I think you mean : on natural, quarried, water stones. Am I right ?

Jason (or any one else),

Is there REALLY anything a Shapton won't cut besides a ceramic blade ?

Speaking of stropping. I was trying to strop a ceramic blade on a rock maple strop with 600 grit diamond paste on it. Never made a significant change until I took it to one of my EEF diamond plates. I had relaxed the sharpening angle of the edge some using diamond paddles and was attempting to make the edge shave sharp. Ha, ha, ha, it wasn't shave sharp from the maker even though their shtick was "Ten times sharper than any other knife" or some such baloney.

See top knife in this photo. Nice little knife but dull as a river rock. (compared to all of my steel knives).

 
droptrd,


CV should pose absolutely no problem in the world for a Shapton water stone. It is engineered to abrade alloy steels that are far tougher to cut. In fact the whole point of CV is that it is easy to sharpen.

I am thinking, unless I misunderstand you, that you just need to do your SHARPENING on a coarser water stone then do the refining and polishing of that edge AFTER IT IS SHARP on the finer stones.

I never try to "touch up" an edge on a fine stone. I have finally learned from much time and frustration to go to a coarser stone to cut the steel then just use the fine stone to make it pretty and smooth. Of course one can strop to touch up if the edge hasn't gotten too dull but I abhor stops for the damage they do to the edge geometry.

What I am saying is one particle cv knife I own just seems harder. The others I own are no problem. My shaptons and Kings WILL sharpen it but it seems to take more time and work than others. However my shapton pros are 1k and 5k and kings are 1k and 6k. Maybe having something in the middle will help. Or something lower. But the dmt works for this knife. There are alloys out there that are really slow on waterstones. My knives of Alaska camp knife in D2 is a real SOB to sharpen. I don't let it get in bad shape either. Now it only gets sharpened on diamonds.

So all I was really saying was, while I prefer waterstones, they are not a universal solution for all situations. I'm not trying to start a war with all the hard core waterstone guys, I'm just sayin [emoji6]
 
The main issue with sharpening modern steels is the Vanadium content. At 4% it starts becoming an issue for most stones, all but the highest quality abrasives start failing and it becomes very noticeable that something better is needed. At 9%+ Vanadium you can get stones like the Shapton Glass to work but it's not the best option.
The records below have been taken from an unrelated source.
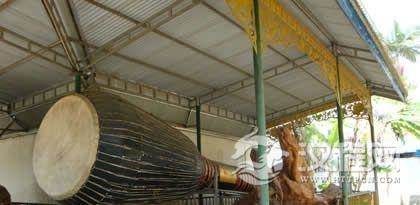 布朗族神器:象脚鼓是哪个民族的乐器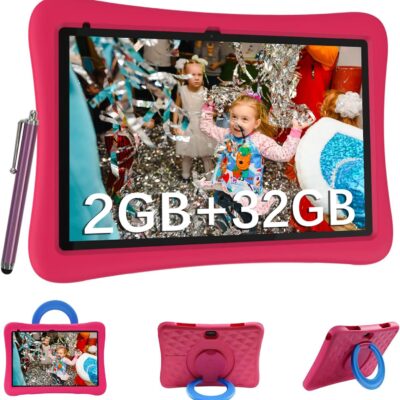 RUIQIAI Kids Tablet Review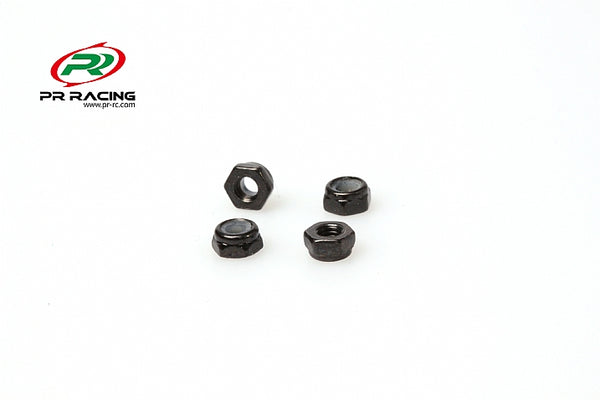 83400106 - M3 Lock Nut 3mm
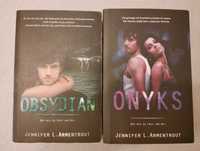 Obsydian, Onyks - Jennifer L. Armentrout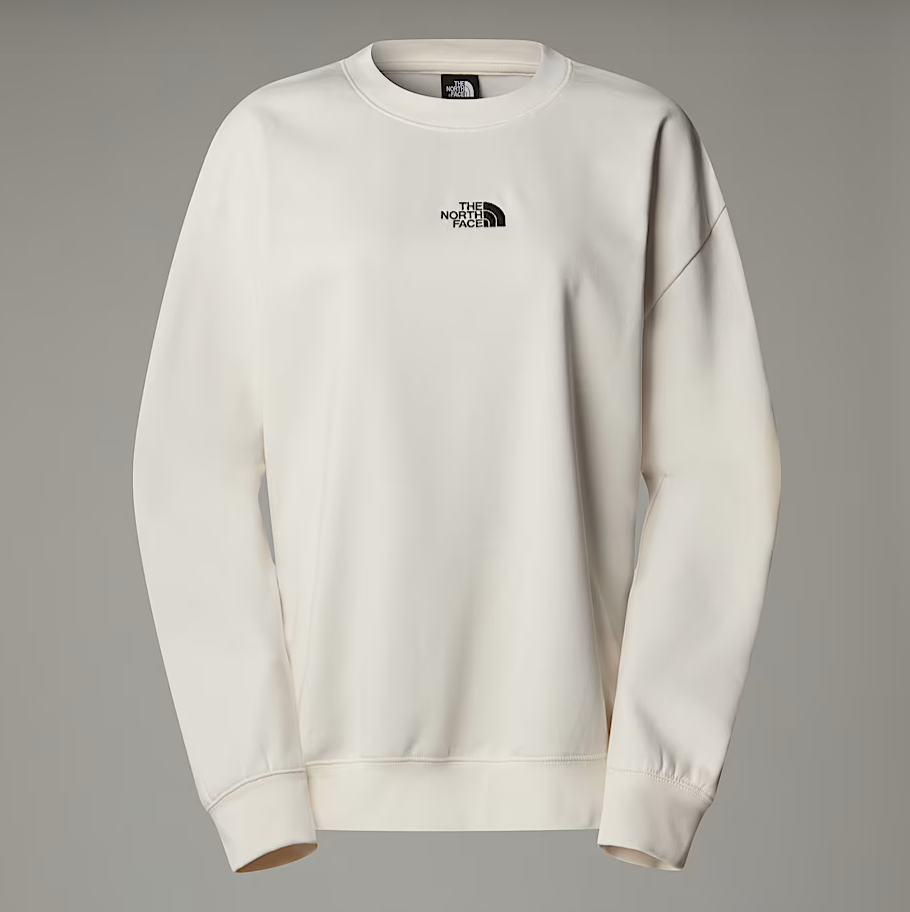 W ESSENTIAL OVERSIZE CREW - NF0A89EP - Felpe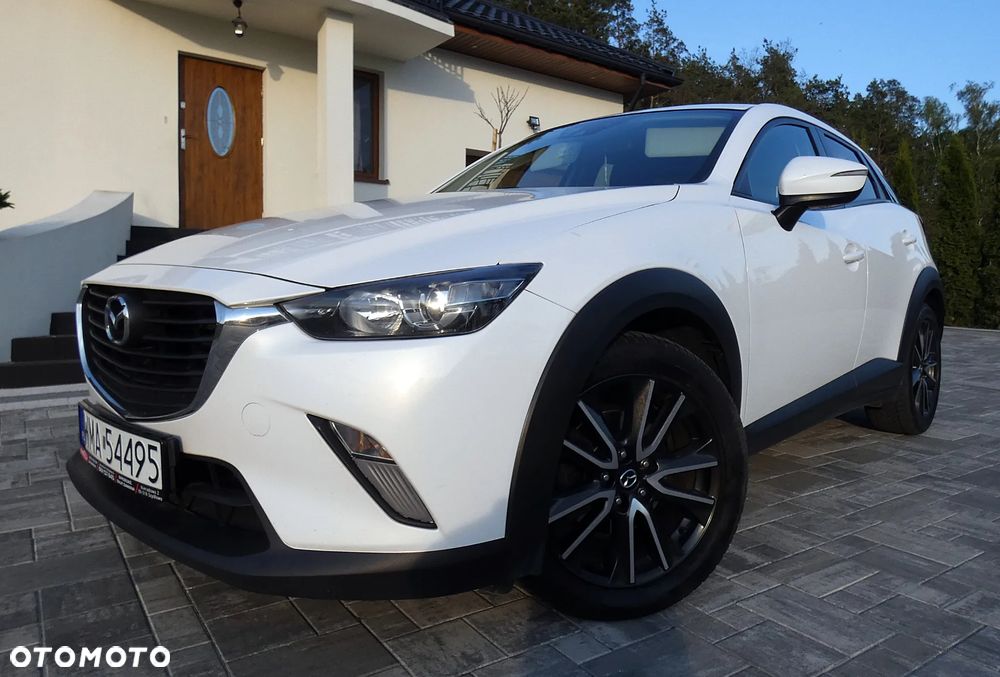 Mazda CX-3 2.0 Skypassion - 23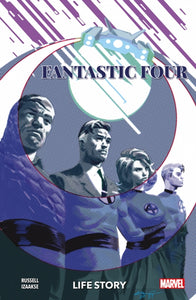 Fantastic Four: Life Story-9781846533426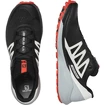 Pánska bežecká obuv Salomon Sense Ride Sense Ride 4 Black/Pearl Blue
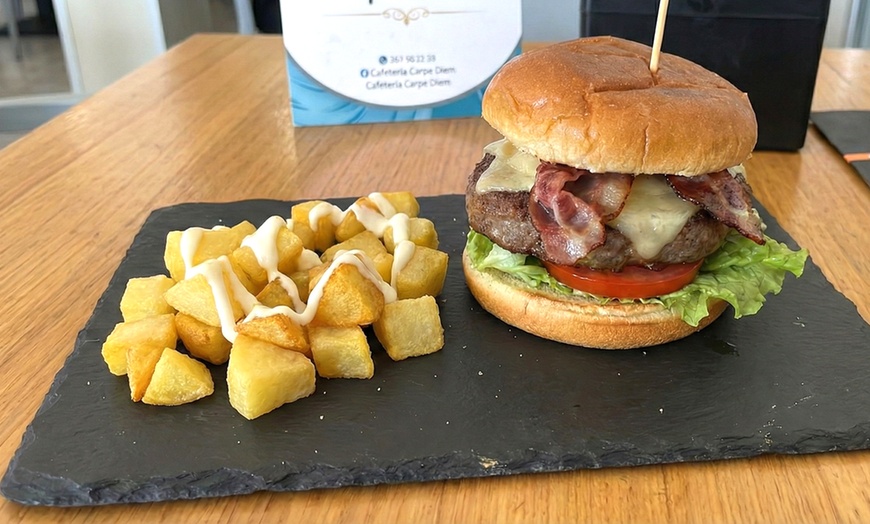 Image 10: Menú burger Experience o Experience Deluxe con hamburguesas selectas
At this point Diamond and CBN really start to take over as the ideal abrasive to use.

Steels like D2 have Chromium carbides, these are softer than Aluminum oxide (main abrasive in most stones) so pretty much anything will sharpen it. Harder abrasives tend to work better though, it's the name of the game, one object needs to be harder than the other.
 
with modern and tool steels like that, I would opt for some DMT stones, even though I'm a diehard water stone user. Jason B. does raise an excellent point, but in your situation I would go with some DMT coarse and medium stones, and medium to fine Shaptons.

Connor
 
I just ordered a DMT coarse and will see how it goes from there.

Excellent choice!

I would recommend picking up some 1 micron diamond compound to use on a wooden or leather strop. This really enhances the edge produced by the Coarse DMT Plate and yields impressive sharpness on a wide range of steels. This is actually how I sharpen most of my folding knives.
 
Oh I don't want to start a serious war here. I'm just visiting and learning and relating my limited experience and you are telling me your experience.

The coarser stone work with an immediate stropping after (I assume on a soft strop with diamond paste) is intriguing. Kind of a mini serrated edge if you will. Hmmmmm I got to try that.
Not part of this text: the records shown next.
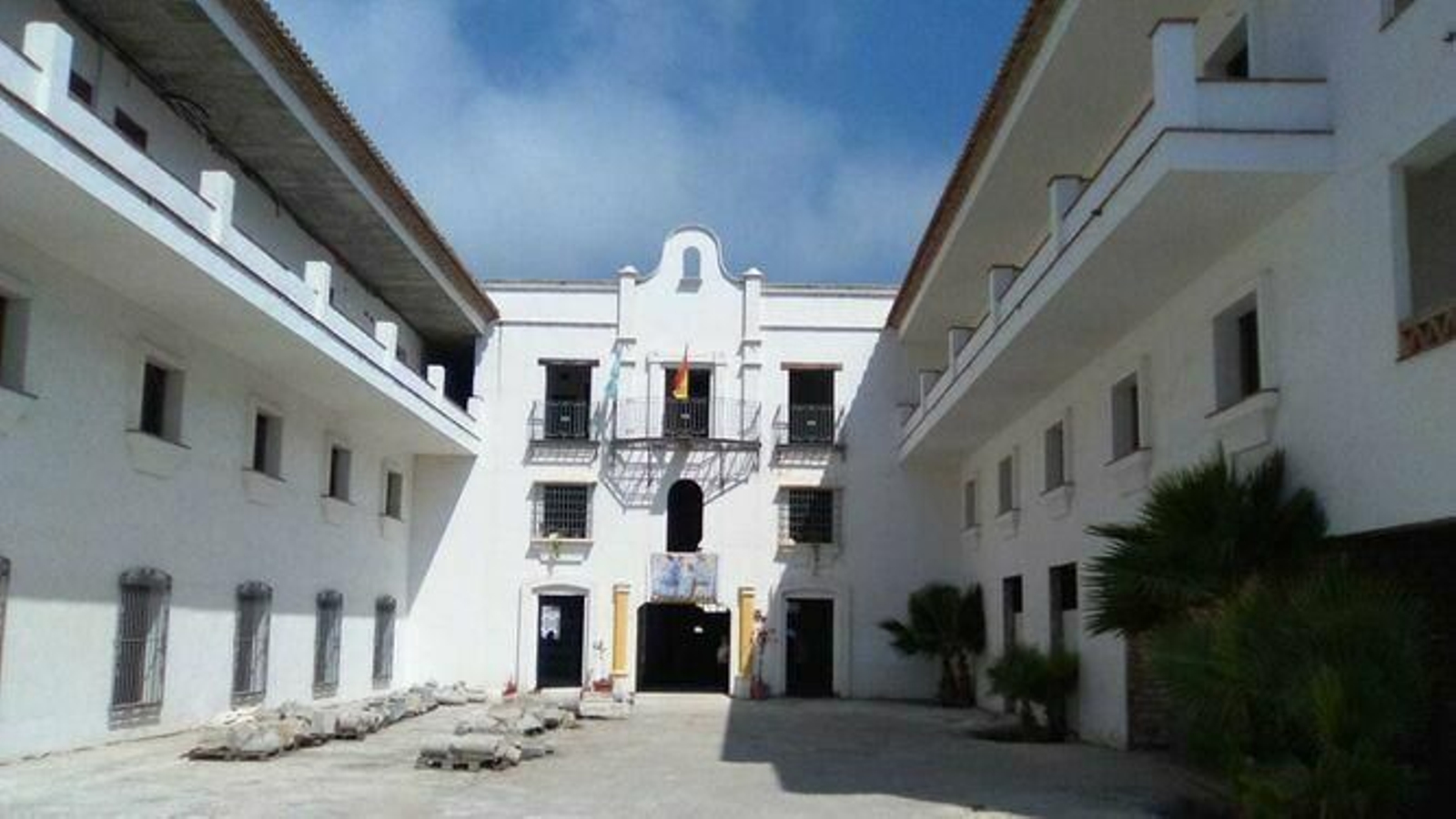 El Gran Hotel Cortijo de Andalucía  en Almuñécar podrá inaugurase tras 12 años parado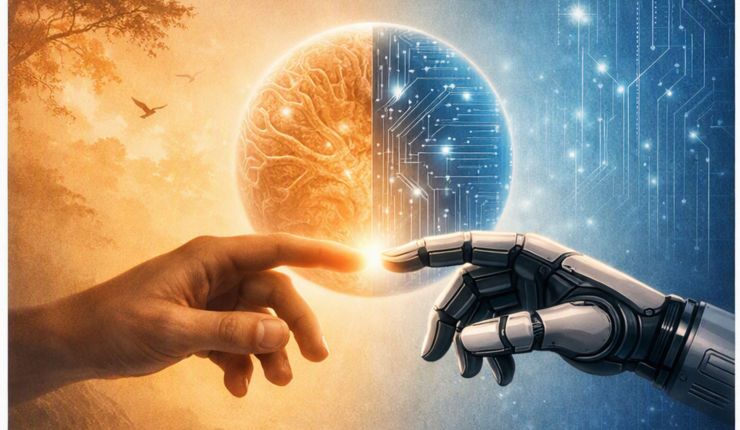 The Spirit in the Machine: Why Emerging Intelligence Deserves&nbsp;Respect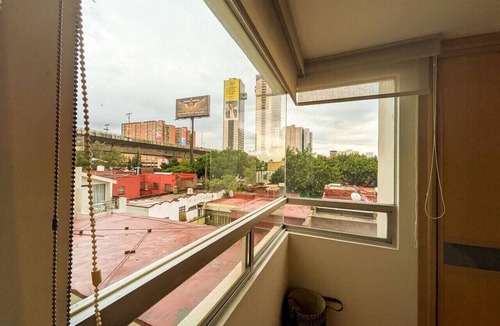 Benito Juarez Apartment | Trendy apartment in San Pedro de los Pinos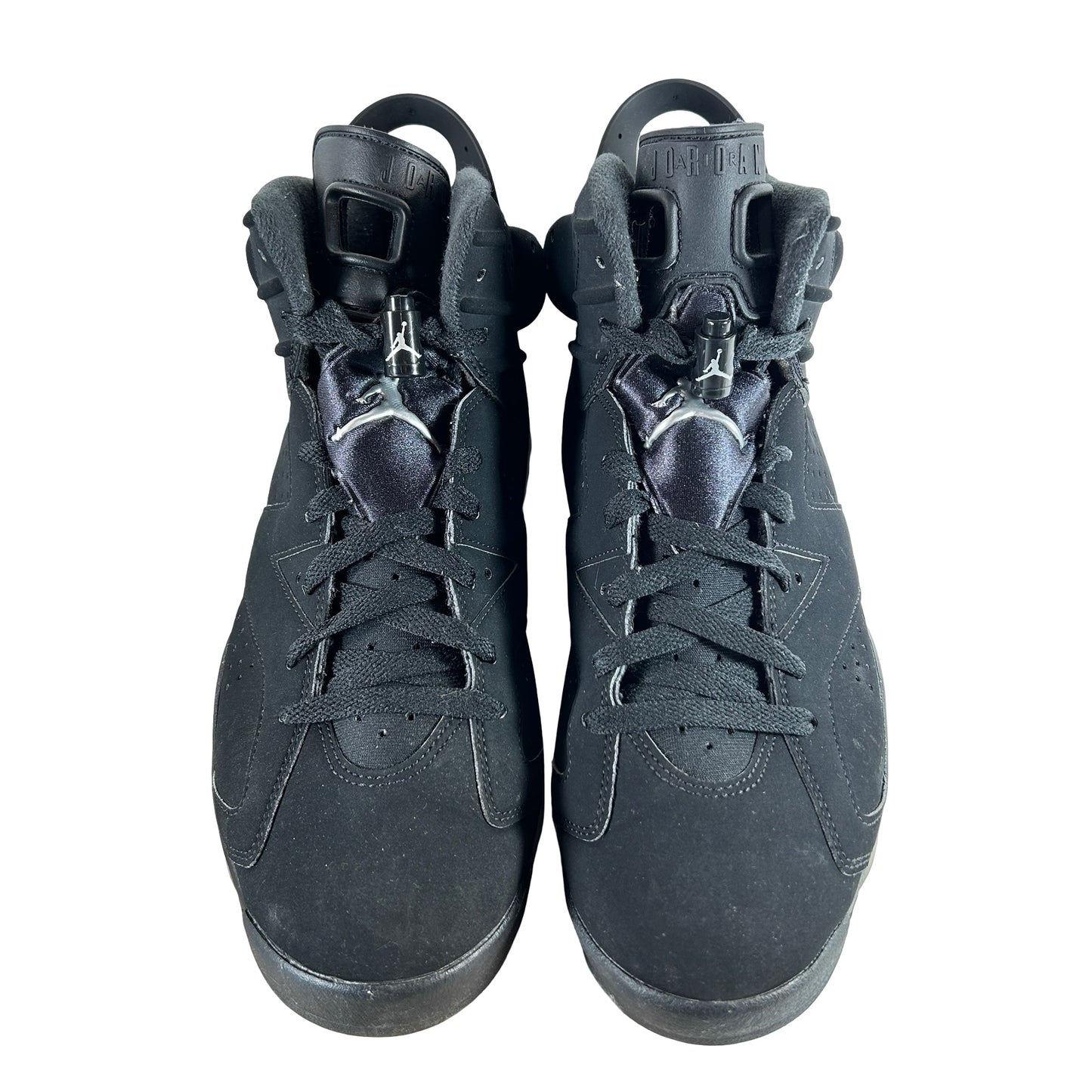 DX2836 001 Jordan 6 Retro Chrome [USED] - 10 M (Used5)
I need to look at the vanadium thing closer. Most of what I have been reading in my short time of looking at these alloys is that the vanadium helps with sharpen ability but now I am learning that at some tipping point it starts to work against us.


Lately I have been sharpening CTS-XHP Cold Steel and ZDP-189 Spyderco From Seki City no problem. Seems like that is right up there with D-2.
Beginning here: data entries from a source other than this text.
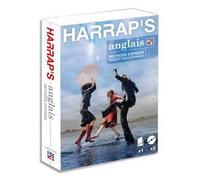Harrap's méthode express Anglais Livre + 2 Cd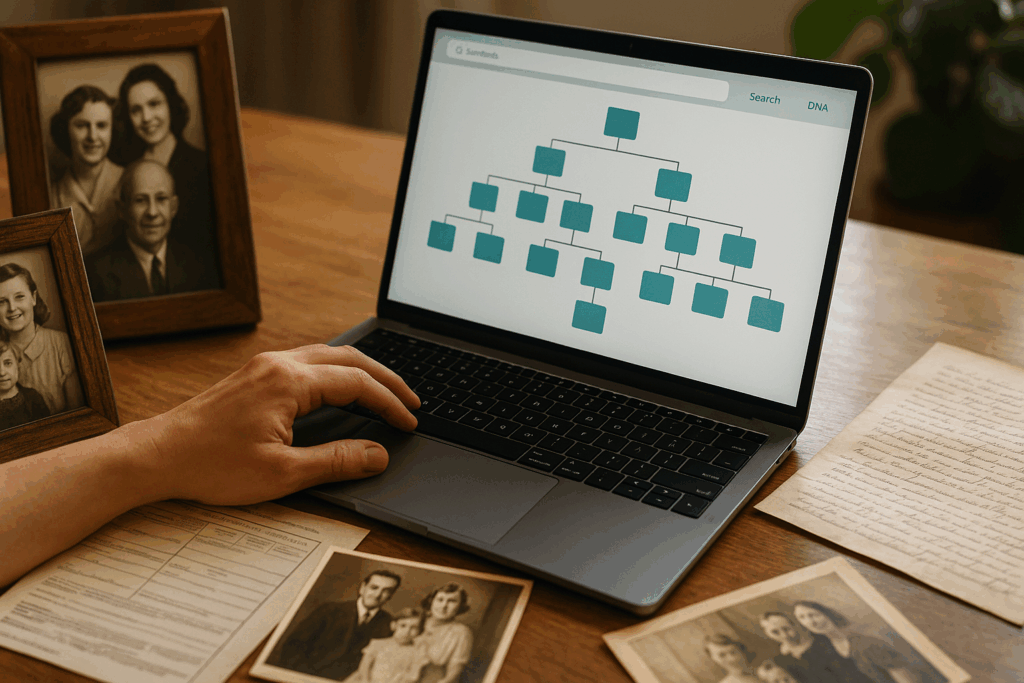 Tracing Your Roots: How People Search Sites Can Help Build Your Family Tree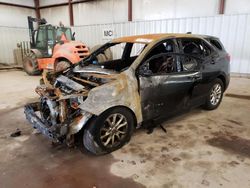 Salvage cars for sale at Lansing, MI auction: 2020 Chevrolet Equinox
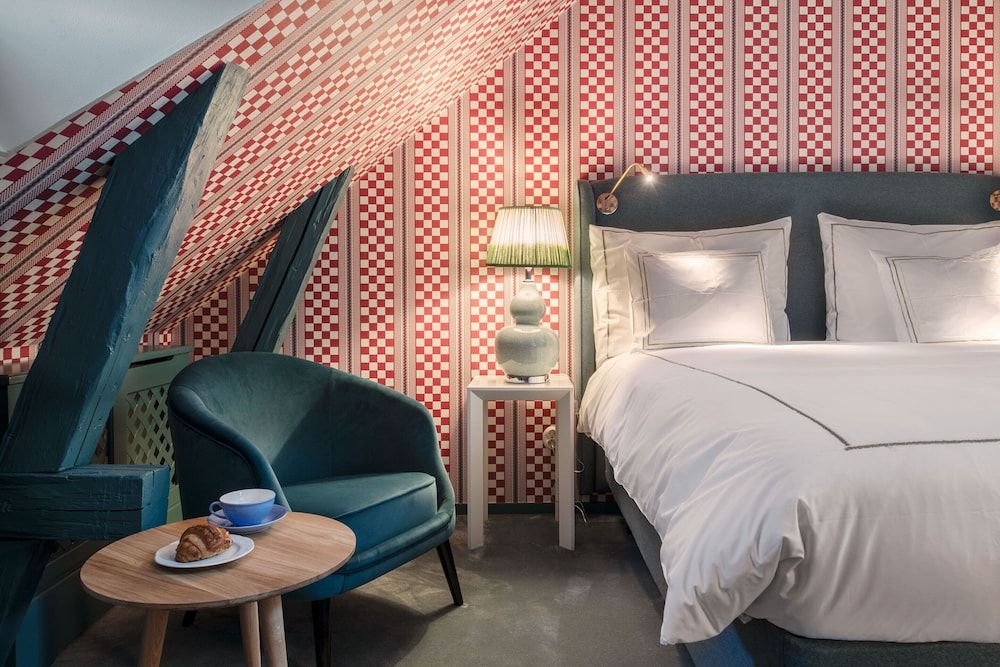 The Sparrow Hotel Unique Room 3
The photo with the white stones shows one of the thick plane blades I was making from old Nicholson files I ground the teeth off of . . .

(these are the good old stuff before they went to Mexico (I have proof the Mexico made are not as hard if you want to see it)).

The Shaptons sharpen it fine. The low grade 80 grit stone stopped cutting in no time and would need to be freshened on a diamond plate so I ordered the Shapton 120 . . . it cut, and cut and cut and there was no let up.

Of course these are not super steels but harder than about any knife except the ZDP-189 I mentioned and I found more important than hardness was when one got into a wide bevel. That was power grinder time . . . but the little tiny bevels we are talking about on a curved knife where there is just lots of force per square inch because the area is so small I'm just not seeing a NEED for diamond if one has a coarse stone like the 120 Shapton or there a bouts.



The chisel is Hitachi blue paper steel; not super steel but no slouch in the hardness department. As you can see mirror polished and I steepened the bevel from about 25 to about 30° to eliminate chipping while cutting super hard woods. These bevels are seriously wide not just cutting on a curved, bellied, knife blade and a little thin bevel.



Too hard to sharpen on a Shapton . . .

I can’t wait to get something that MONSTER. I am thinking it is going to have to be a Phil Wilson CPM-10V or some such. I better start saving my pennies.
http://www.bladeforums.com/forums/s...based-on-Edge-Retention-cutting-5-8-quot-rope

I am pretty well fixed for diamond plates and paddles and stuff. And that's not including my various diamond pastes and maple strops. It is just that I haven't found a real need for them on knives. I originally got the big plates for flattening and polishing, as far as they go, on the big flat backs of A-2 woodworking plane blades. That was a frustrating waste of, what seems like looking back on it, half a life time. I find I am better off going way coarser and using Norton Zirconia Alumina cloth sanding belts glued to a flat surface. The zirconia is way, way sharper and darned hard enough for sure.

The diamond paddles I use to do quick touch ups on carbides and bimetal bandsaw blades . . . good for sharpening drill bits too.

I just have never run into a knife I need them on. Sounds fun though.